Outro motivo que devia colocar Ibn Qasi como figura incontornável da nossa cultura é um livro quase sempre esquecido, quando olhamos para o passado literário que aqui teve chão.

Kitab khal. alna.layn wa-qtibas al-nur min maw.i. al-qadamayn (“O Livro sobre a Remoção das Duas Sandálias e a Captação da Luz do Lugar dos Dois Pés”), manuscrito que se encontra na Biblioteca Suleymaniya de Istambul, manual místico e filosófico dos Muridinos «escrita dentro da tradição sufi, da cavalaria iniciática da Futuwah e do templarismo, da sabedoria esóterica e textos do islamismo, das tradições pictográficas dos Irmãos da Pureza – cujos escritos foram, durante vários séculos, o coração oculto da gnose e da Arte islâmicas – e do pensamento tão vigoroso e lúcido de Al-Ghazalî», no dizer de José Carlos Fernandez, no prólogo do Livro «As Sandálias do Mestre » de Adalberto Alves.

A liderança política e religiosa de Ibn Qasi desenvolve-se no contexto da expansão do poder almoáda à Península Ibérica e da aliança islamo-cristã realizada com D. Afonso Henriques.

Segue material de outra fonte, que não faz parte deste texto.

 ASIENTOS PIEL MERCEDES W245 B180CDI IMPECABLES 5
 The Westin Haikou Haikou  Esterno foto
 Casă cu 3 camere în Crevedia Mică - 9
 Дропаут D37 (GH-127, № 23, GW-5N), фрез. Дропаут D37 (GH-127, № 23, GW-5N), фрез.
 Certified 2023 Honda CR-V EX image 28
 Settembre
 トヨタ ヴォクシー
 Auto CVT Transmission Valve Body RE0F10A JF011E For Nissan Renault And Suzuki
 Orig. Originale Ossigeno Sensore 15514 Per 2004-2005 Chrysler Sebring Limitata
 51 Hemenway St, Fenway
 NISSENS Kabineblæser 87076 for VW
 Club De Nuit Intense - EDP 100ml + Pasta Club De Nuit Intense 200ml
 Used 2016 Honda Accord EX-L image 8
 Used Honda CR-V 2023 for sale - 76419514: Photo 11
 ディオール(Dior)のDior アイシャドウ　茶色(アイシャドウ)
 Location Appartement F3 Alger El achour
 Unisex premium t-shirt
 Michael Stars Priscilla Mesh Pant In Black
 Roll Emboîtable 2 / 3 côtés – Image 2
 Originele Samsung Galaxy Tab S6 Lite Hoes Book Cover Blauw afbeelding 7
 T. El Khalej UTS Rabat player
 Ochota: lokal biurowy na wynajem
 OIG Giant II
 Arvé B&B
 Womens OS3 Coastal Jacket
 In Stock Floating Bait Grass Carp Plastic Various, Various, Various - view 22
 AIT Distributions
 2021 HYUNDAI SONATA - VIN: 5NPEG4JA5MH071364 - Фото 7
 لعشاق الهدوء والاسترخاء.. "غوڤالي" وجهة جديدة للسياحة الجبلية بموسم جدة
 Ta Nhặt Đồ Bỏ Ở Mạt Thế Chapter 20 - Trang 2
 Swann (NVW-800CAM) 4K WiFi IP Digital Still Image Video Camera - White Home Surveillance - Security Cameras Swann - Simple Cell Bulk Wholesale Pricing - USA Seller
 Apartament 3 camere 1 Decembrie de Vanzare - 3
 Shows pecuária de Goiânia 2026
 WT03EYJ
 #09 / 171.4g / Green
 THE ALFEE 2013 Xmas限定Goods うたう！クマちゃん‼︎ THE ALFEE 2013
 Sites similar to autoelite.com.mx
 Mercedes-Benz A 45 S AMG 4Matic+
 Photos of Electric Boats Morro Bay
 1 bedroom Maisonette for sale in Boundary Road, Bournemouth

«Personalidade religiosa de grande relevo, são-lhe atribuídos dons de clarividência, milagres de toda a espécie, inclusive a peregrinação a Meca, ida e volta, numa só noite. No auge desta exaltação religiosa proclama-se a si próprio al-Mahdi.», escreve Artur Goulart de melo Borges e acrescenta; «Como Senhor de Mértola, Ibn Qasi mandou cunhar moeda própria. O dinheiro corrente almorávida já tinha dado aso a algumas perturbações. Conta-nos Ibn al-Khtib, que Ibn Qasi, quando proclamado Imam, distribuía dinheiro com grande liberalidade. Dizia-se inclusivamente que era um milagre pois o recebia diretamente de Allah».

D. Afonso Henriques enviou-lhe um cavalo, um escudo e uma lança. Terá sido nessa lança que a cabeça de Ibn Qasi, depois de separada do corpo, foi exibida aos gritos «Aqui está o mahdi dos cristãos». Não lhe perdoaram a aliança com os cristãos.

Quando vou à janela imagino entre os prédios homens a curvarem-se como ervas batidas pelo vento na paisagem sozinha. Recebem o sopro de deus e vergam-se, a horas certas, na praça convertida em mesquita, como a ondulação verde do vento.

Não preciso entrar no universo difícil da imaginação para perceber o templo.
Está lá, como se desenhasse as linhas de um cubo no vidro alto da marquise e depois, colocasse os olhos a uma altura em que os fiéis ficassem dentro dos contornos.
Olho para baixo e percebo, de imediato, as paredes e os seus esguios minaretes.
É uma realidade tão concreta como o movimento pendular das orações. A bússola exata dos seus corpos a indicar a direção de Meca.